What is being asked >>
Find the word "Market" in the data below and copy each line that holds it.

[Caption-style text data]
..........

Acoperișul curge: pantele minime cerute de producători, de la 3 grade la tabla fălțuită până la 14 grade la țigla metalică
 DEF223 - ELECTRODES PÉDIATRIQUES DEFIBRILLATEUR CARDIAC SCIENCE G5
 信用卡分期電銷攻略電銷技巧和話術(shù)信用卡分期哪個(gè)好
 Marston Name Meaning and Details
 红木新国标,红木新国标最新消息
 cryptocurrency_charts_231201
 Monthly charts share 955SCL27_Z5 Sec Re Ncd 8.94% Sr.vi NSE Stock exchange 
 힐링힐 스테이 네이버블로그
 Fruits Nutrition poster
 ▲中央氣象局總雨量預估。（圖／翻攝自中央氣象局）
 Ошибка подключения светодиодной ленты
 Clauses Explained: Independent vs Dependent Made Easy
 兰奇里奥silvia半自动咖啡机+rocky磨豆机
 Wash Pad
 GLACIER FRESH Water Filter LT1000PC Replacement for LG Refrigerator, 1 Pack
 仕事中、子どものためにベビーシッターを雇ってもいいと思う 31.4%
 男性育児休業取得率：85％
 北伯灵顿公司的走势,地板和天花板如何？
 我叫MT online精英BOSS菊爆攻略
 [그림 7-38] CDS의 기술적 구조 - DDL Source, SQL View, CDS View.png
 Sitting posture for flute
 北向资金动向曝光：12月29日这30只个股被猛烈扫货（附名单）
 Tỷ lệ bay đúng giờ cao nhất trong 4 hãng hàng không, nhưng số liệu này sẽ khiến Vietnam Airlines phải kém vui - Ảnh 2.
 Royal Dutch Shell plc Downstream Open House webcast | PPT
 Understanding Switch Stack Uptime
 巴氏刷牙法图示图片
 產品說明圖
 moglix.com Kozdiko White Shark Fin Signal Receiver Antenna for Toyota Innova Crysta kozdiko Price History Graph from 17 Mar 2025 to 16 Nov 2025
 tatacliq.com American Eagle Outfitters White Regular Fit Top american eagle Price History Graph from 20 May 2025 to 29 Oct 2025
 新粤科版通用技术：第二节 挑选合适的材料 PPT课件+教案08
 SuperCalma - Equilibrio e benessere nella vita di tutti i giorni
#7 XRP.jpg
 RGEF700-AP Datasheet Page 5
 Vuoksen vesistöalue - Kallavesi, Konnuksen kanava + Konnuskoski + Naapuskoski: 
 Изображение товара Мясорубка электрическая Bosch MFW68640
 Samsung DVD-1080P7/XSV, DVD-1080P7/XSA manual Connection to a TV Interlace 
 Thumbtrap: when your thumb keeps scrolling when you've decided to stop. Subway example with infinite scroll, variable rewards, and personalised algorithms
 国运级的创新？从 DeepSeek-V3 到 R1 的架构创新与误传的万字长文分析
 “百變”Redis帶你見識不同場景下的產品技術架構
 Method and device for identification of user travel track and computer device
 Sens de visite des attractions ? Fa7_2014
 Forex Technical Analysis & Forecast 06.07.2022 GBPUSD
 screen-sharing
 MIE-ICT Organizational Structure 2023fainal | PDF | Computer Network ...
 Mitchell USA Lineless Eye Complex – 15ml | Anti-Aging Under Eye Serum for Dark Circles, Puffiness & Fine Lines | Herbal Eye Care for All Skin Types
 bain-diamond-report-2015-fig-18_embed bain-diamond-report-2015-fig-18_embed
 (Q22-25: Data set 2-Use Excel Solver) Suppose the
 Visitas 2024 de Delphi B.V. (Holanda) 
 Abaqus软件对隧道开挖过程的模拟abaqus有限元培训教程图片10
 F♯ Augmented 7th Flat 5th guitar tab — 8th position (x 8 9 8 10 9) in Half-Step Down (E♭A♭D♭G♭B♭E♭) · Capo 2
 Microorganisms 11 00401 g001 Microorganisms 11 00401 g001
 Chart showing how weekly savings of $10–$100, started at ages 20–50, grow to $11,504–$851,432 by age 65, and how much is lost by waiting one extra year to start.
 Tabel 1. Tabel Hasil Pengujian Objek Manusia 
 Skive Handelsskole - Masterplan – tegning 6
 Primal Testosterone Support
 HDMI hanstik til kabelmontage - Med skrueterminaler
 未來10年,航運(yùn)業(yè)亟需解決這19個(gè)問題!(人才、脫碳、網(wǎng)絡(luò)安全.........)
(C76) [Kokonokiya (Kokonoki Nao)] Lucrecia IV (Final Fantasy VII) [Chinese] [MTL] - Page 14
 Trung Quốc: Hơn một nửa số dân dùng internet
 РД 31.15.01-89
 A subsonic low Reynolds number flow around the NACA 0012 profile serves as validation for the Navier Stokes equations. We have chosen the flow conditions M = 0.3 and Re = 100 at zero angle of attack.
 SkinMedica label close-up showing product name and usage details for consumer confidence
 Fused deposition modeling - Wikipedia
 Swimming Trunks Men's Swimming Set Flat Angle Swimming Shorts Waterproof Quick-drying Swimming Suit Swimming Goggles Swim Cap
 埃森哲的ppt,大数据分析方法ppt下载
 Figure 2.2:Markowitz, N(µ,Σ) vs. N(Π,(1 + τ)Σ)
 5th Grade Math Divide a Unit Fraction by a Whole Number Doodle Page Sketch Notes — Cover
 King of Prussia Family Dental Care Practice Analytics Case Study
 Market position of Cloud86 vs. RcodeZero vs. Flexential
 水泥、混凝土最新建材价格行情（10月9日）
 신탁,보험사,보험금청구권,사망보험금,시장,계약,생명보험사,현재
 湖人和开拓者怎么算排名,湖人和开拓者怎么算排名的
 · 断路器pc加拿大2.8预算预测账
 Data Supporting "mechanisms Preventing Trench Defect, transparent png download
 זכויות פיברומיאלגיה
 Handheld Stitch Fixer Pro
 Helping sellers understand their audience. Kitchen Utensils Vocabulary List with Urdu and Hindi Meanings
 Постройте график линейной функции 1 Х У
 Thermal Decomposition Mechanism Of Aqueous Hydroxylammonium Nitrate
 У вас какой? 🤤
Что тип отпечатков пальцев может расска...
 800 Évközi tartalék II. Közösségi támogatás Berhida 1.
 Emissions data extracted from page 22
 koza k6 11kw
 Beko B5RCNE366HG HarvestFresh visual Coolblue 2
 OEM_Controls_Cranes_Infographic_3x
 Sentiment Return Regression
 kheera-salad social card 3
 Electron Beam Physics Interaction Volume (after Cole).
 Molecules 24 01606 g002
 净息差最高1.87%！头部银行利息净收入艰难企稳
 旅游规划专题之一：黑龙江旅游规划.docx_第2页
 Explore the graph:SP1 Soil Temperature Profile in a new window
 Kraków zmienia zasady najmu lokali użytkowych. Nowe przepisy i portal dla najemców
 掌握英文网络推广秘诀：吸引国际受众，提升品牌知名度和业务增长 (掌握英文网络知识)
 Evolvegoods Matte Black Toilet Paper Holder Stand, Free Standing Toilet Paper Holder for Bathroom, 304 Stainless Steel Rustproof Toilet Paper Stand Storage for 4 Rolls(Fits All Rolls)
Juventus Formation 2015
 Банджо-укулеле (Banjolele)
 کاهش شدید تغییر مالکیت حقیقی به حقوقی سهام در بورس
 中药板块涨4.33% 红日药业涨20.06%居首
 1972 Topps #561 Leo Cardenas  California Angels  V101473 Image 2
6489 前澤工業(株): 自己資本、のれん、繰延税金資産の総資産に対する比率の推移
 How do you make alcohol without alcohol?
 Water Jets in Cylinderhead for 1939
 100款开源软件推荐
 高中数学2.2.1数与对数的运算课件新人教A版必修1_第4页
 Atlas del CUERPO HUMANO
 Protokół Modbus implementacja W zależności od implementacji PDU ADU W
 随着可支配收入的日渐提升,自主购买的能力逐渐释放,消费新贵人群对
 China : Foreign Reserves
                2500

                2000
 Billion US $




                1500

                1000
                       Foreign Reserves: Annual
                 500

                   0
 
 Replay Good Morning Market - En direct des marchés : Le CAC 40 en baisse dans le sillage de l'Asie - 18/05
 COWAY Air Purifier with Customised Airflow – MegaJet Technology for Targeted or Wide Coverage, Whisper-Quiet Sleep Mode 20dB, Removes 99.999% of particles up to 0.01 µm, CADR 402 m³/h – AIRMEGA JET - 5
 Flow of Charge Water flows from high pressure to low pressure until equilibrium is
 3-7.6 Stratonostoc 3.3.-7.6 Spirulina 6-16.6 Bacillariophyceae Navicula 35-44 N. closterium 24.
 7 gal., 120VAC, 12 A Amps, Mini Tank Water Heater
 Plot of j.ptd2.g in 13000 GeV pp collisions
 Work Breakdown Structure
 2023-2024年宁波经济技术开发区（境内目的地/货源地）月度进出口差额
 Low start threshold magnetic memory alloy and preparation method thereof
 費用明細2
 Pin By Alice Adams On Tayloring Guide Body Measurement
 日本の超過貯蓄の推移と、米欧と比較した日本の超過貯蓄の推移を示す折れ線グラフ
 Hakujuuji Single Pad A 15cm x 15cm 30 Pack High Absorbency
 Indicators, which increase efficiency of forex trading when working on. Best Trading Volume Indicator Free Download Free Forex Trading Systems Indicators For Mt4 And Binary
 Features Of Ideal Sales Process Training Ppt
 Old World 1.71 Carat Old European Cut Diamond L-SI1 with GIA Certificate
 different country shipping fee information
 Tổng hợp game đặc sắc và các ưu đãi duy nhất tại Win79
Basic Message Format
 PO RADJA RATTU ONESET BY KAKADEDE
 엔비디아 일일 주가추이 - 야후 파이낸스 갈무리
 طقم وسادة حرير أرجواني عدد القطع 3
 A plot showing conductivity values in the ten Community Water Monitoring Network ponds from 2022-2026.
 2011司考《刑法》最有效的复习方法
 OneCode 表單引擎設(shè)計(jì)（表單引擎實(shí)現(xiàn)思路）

..........

Completed exercise >>
 Market position of Cloud86 vs. RcodeZero vs. Flexential
 Replay Good Morning Market - En direct des marchés : Le CAC 40 en baisse dans le sillage de l'Asie - 18/05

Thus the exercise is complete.